If Portland, Ore., is Beervana, the city of Asheville is Beer Paradise. The town’s longstanding charm as a mountainous retreat for those seeking alternate lifestyles and the allure of nature became a perfect fit for craft beer culture. In just five years, Wicked Weed became its best- known destination and export. And then it was gone or, more accurately, it crossed over.  Perhaps Asheville’s bohemian aura combined with the recent arrival of major craft expansions by New Belgium and Sierra Nevada led to a naïve belief this beloved place was beyond the allure of cash – an estimated $150 million.
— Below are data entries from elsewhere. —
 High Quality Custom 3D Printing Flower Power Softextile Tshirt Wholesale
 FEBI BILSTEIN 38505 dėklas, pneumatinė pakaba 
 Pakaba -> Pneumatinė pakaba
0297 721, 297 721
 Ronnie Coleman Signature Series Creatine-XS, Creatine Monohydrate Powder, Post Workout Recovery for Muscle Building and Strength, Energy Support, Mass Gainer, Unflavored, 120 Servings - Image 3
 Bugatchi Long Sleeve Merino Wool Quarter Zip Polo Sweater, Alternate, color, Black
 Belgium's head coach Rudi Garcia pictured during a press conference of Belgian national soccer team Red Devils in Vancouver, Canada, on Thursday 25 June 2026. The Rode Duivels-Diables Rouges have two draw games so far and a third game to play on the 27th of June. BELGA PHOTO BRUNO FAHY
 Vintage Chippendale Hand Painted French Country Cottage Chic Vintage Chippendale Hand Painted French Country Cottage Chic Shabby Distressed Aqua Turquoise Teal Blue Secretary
For those following this ongoing battle between major brewers and independent craft brewers, the buyout of Wicked Weed appears to be a tipping point. But I predict the ongoing dialectic between bigger brewers and independent brewers will continue in a manner that produces better beer. The bigger brewers are now establishing a path away from their traditional premium lagers towards the styles championed by craft lovers. Craft will remain the resistance fighters with weapons that money can’t buy: creativity.

The next phase is familiar in the case of Wicked Weed. To recoup the investment, a craft brand purchased by one of the macro brewers has its output increased along with wider distribution, which helps eat up more shelf space in significant outlets and further muddy the issue among the general populace of which breweries are independent.
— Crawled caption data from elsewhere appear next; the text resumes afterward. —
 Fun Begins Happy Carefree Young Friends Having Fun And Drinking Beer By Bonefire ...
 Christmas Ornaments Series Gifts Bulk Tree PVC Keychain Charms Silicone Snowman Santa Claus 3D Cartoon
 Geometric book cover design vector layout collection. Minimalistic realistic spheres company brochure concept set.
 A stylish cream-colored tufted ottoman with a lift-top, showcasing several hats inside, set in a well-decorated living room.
But wait, there’s more bad news if you’re on the side of craft. According to investment bankers who help make such deals happen, for every customer that opts out of purchasing an acquired brand, the company brings in two new customers. Whether that’s typical palaver of financial types, there’s probably some accuracy to it. In other words, protest and resistance have their limits. The key thing to remember is that this expansion generally results in a reduction of pricing.

To me, there’s always been the vague notion among craft geeks that in order to change the world craft brewers have to somehow defeat so-called Big Beer. It’s only fun if there’s some sort of takedown involved along with the joy of watching those who created industrial beer steadily lose market share. The underbelly of that fantasy is a corresponding fear – the empire might strike back and drive craft into exile.
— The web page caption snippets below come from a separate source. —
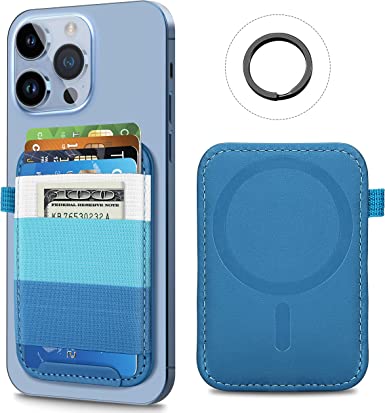 Magnetic Card Wallet Holder for Apple MagSafe, MagSafe Wallet for iPhone 14/13/12, MagSafe Leather Card Holder for Back of iPhone14 /13/12 Series, Mag-Safe Elastic Wallet Fits 8 Cards & Cash, Blue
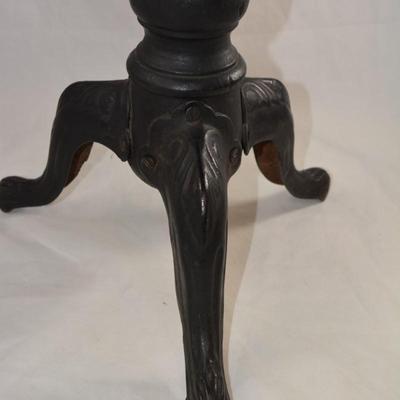 Antique/Vintage Adjustable Wood & Wrought-Iron Piano Stool
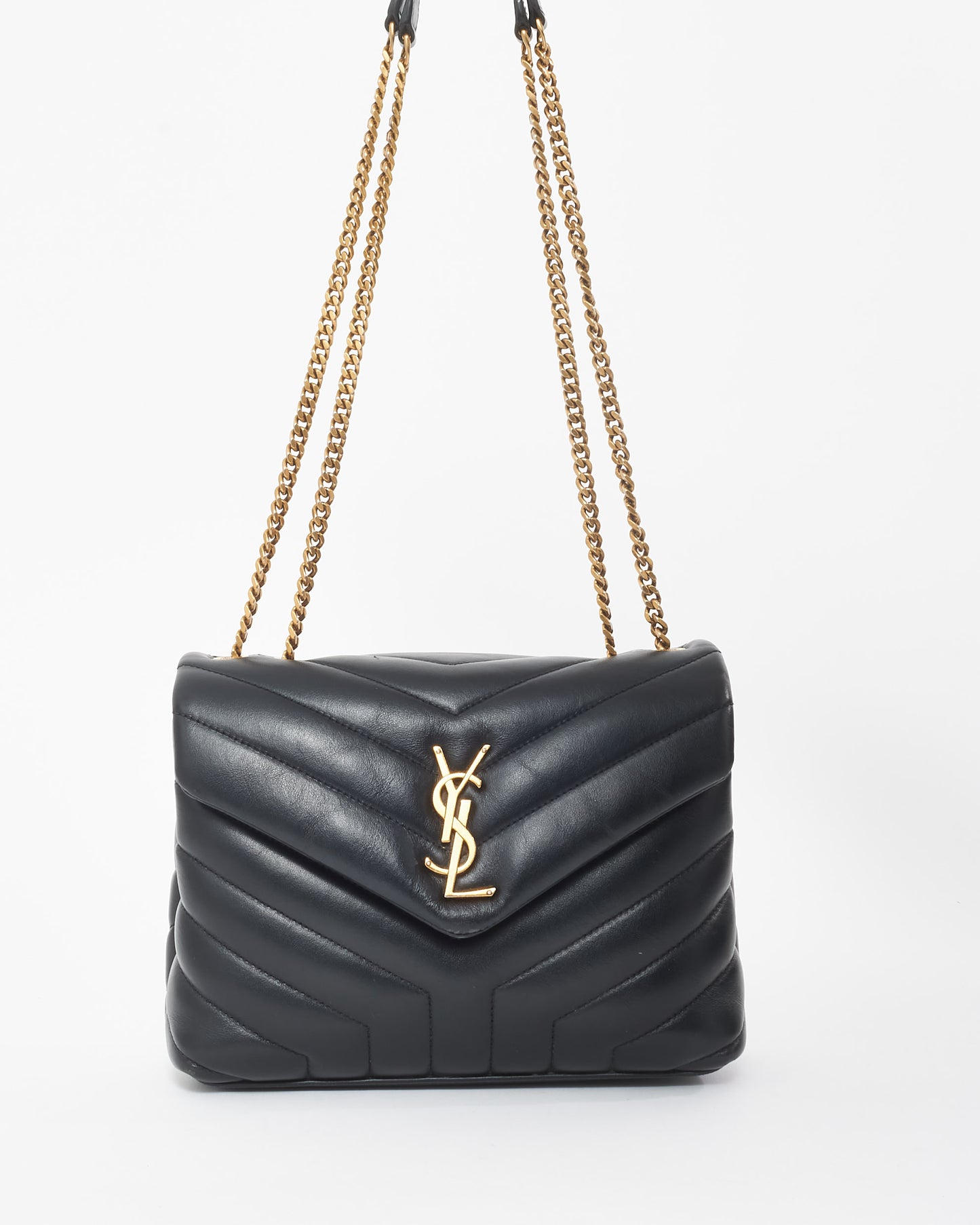 Saint Laurent Black Leather Small Loulou Shoulder Bag GHW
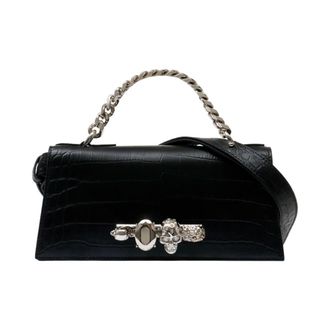 Alexander McQueen Jewelled Shoulder Mini - female - Alexander McQueen - Handbags - Black - ONE SIZE - Bags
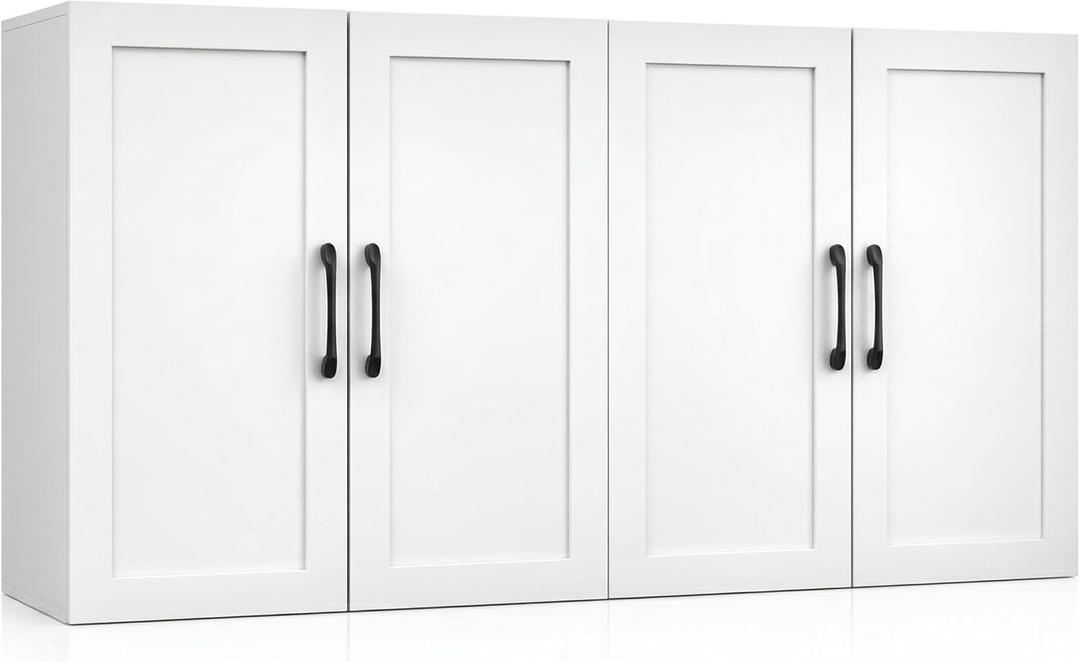 Wall Cabinet with Adjustable Shelves, Laundry Room Cabinet with 4 Doors, Kitchen Storage Cupboard Cabinet, Wall Mount Medicine Cabinet for Bathroom, Living Room, White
For those dedicated to independent craft breweries, it’s a fight worth fighting, even if the big guys continue to pick off breweries as the seasons come and go. (The other worldwide brewing types are just as clever as AB InBev, and perhaps more so in that they let the Belgian-based behemoth take the heat for the assault on craft while waging their own deals.)

The key point of outrage for those committed to craft: a sale of this nature makes it harder for those in the beer-making community left behind to continue the fight for what they hold sacred.

The ecosystem of a worldwide corporation and its influences are vastly different than smaller, independent financial entities created by those focused on the communities in which they live. Craft brewers dedicate themselves to a community’s well-being through such undertakings as charitable events, support for environmentally beneficial practices, support for local growers and as places where people of different persuasions can enjoy conversations in an increasingly uncivil society. The fact it’s all driven by broadening the adventure of imbibing by creating new taste horizons in beer is, well, just plain cool.